== What to produce ==
In your copy, leave out all pictures and reproduce every entry exactly.

== Material to process ==

····················

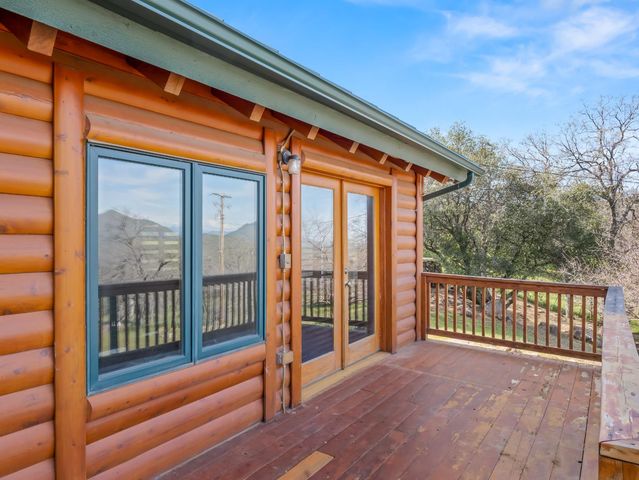 37678 Cardinal Lane, Yokuts Valley, CA 93675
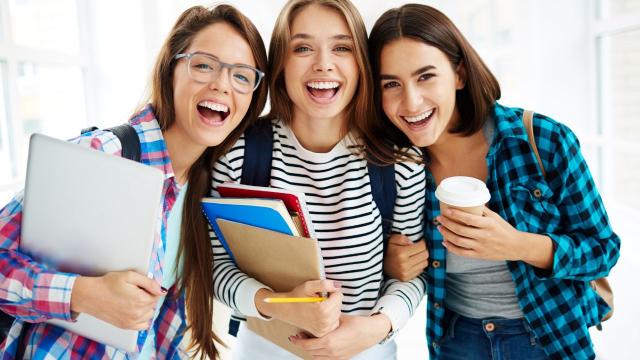 Gambar Artikel Dinamika Kehidupan Mahasiswa: Antara Kurikulum Akademik, Organisasi, Dan Kesehatan Holistik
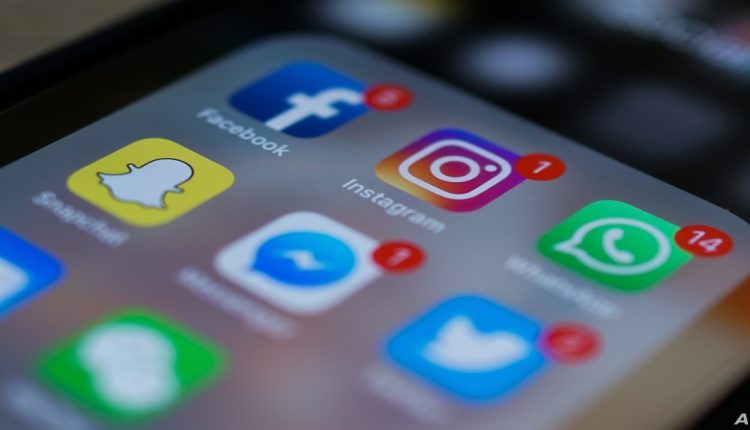 فيسبوك وإنستغرام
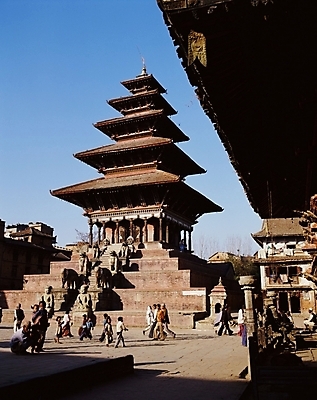 포토 JPG 주간 해외 시설물 건축물 건축 아시아 외국문화 고건축 해외건축 거리 사람 풍경 야외 건물 관광지 동양건축 사찰 사원 보행자 인도 인도문화 인도건축 국내포토 자연요소 동양문화 나라 문화 여행 비즈니스 종교건축 인도_나라 파일형식 동양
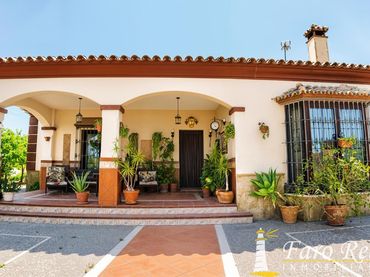 House for sale in Avenida de la Marina, "Los Rosales"
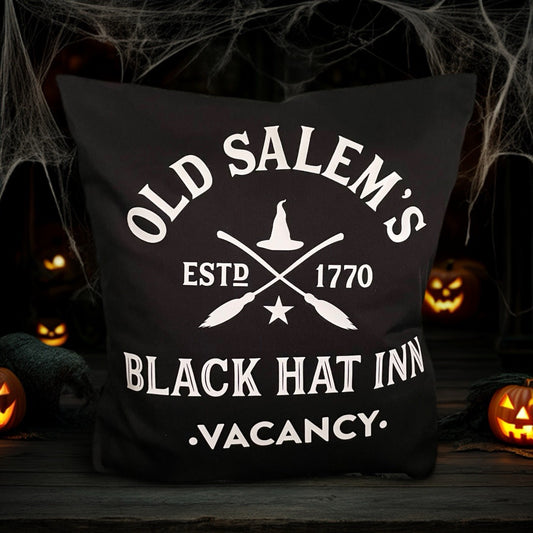 Kissen mit Druck Old Salem's Black Hat Inn schwarz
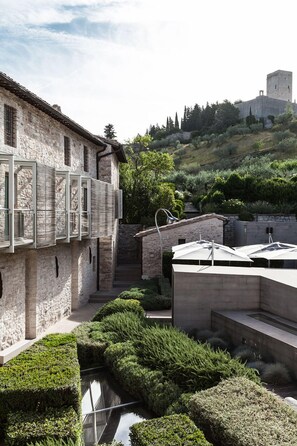 Property grounds - Nun Assisi Relais Spa Museum (Assisi)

····················

== Answer section ==
 37678 Cardinal Lane, Yokuts Valley, CA 93675
 Gambar Artikel Dinamika Kehidupan Mahasiswa: Antara Kurikulum Akademik, Organisasi, Dan Kesehatan Holistik
 فيسبوك وإنستغرام
 포토 JPG 주간 해외 시설물 건축물 건축 아시아 외국문화 고건축 해외건축 거리 사람 풍경 야외 건물 관광지 동양건축 사찰 사원 보행자 인도 인도문화 인도건축 국내포토 자연요소 동양문화 나라 문화 여행 비즈니스 종교건축 인도_나라 파일형식 동양
 House for sale in Avenida de la Marina, "Los Rosales"
 Kissen mit Druck Old Salem's Black Hat Inn schwarz
 Property grounds - Nun Assisi Relais Spa Museum (Assisi)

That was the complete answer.